Interview des Wehrbeauftragten in „Das Parlament“ vom 20. August 2018

Herr Bartels, die Bundeswehr will künftig um Schulabbrecher und EU-Ausländer werben. Ist die Personalsituation der Truppe so verzweifelt?

Die Personalsituation ist ohne Zweifel schwierig. Schon für ihre heutige Soll-Struktur hat die Bundeswehr zu wenig Personal, und sie soll ja auch noch ein bisschen größer werden, auf knapp 200.000 Soldatinnen und Soldaten wachsen. Angesichts der Tatsache, dass die Jahrgänge kleiner werden, die Wirtschaft händeringend Fachkräfte sucht und die Landespolizeien ihre Personalbestände ebenfalls erhöhen wollen, wird das selbst mit dem kleinen Aufwuchs also eine sportliche Aufgabe.

Wie viele Soldaten fehlen der Bundeswehr aktuell?

In meinem Jahresbericht für das vergangene Jahr steht die Zahl der unbesetzten Dienstposten für Unteroffiziere und Offiziere: Das sind 21.000. Viele hat das überrascht, aber dieses Problem gibt es schon länger, es ist ein strukturelles. Tatsächlich nützt es nichts, Soldaten formal auf Dienstposten zu setzen, wenn sie vorher erst noch ein Jahr ausgebildet werden müssen. Dann ist der Dienstposten zwar blockiert, aber eigentlich nicht besetzt. Man bräuchte stattdessen mehr sogenannte Schülerstellen.

In welchen Bereichen der Truppe ist der Personalmangel am größten?

Vor allem bei den Spezialisten. Dauerbrenner sind die Riesenlücken bei Rettungssanitätern, Kampfschwimmern oder Kampfmittelbeseitigern. Manche Probleme sind allerdings auch hausgemacht: Wenn man eine neue Verwendungsreihe wie zum Beispiel die Kampfretter der Luftwaffe schafft, dann stehen die bei der Personalgewinnung in Konkurrenz zu anderen infanteristischen Spezialverwendungen. Die Bundeswehr muss aufpassen, dass sie nicht zu viele zu spezielle Verwendungen ausplant, sonst wird sie am Ende in jeder einzelnen mit Personalmangel kämpfen. Besser wäre eine mehrrollenfähige Ausbildung in weniger Verwendungsreihen.

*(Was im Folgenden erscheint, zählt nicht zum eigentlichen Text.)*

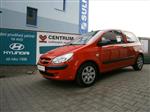 Hyundai Getz 1.1 NOVÁ STK - , r.v:2007, cena:64900 Kč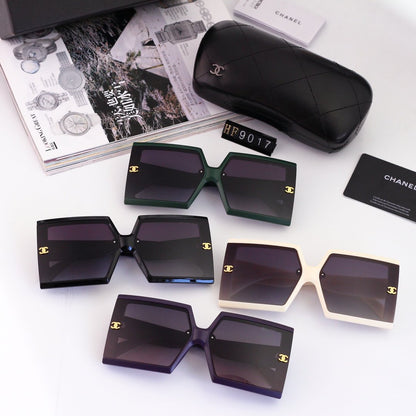 4 COLORS OUTDOOR DRIVING SUNGLASSES for WOMEN
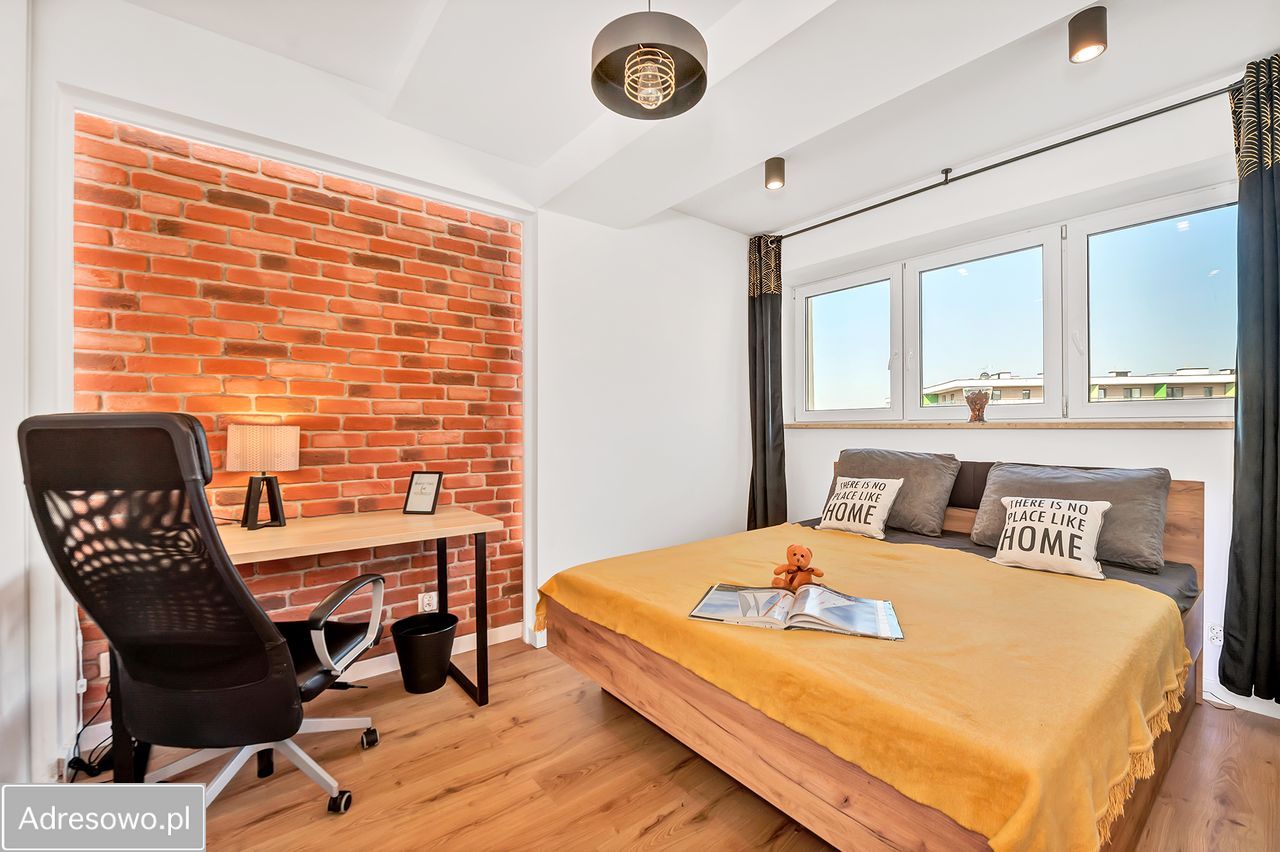 Mieszkanie 2-pokojowe Warszawa Targówek, ul. Tadeusza Korzona. Zdjęcie 6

Wenn vor allem Spezialisten fehlen, wie soll dann das Werben um Nachwuchs selbst ohne Hauptschulabschluss helfen?

Das ist ja nichts Neues. Auch in den Zeiten der Wehrpflicht kamen junge Männer ohne Schulabschluss. Und wer sich als Zeitsoldat verpflichtete, konnte seinen Schulabschluss bei der Bundeswehr nachholen. So ist das auch heute. Hier geht es aber wohl auch nur um kleine Zahlen.

Wie groß ist die Chance, dass die Bundeswehr einen Soldaten zum Hauptschulabschluss führt, wenn er den in der Schulzeit nicht geschafft hat?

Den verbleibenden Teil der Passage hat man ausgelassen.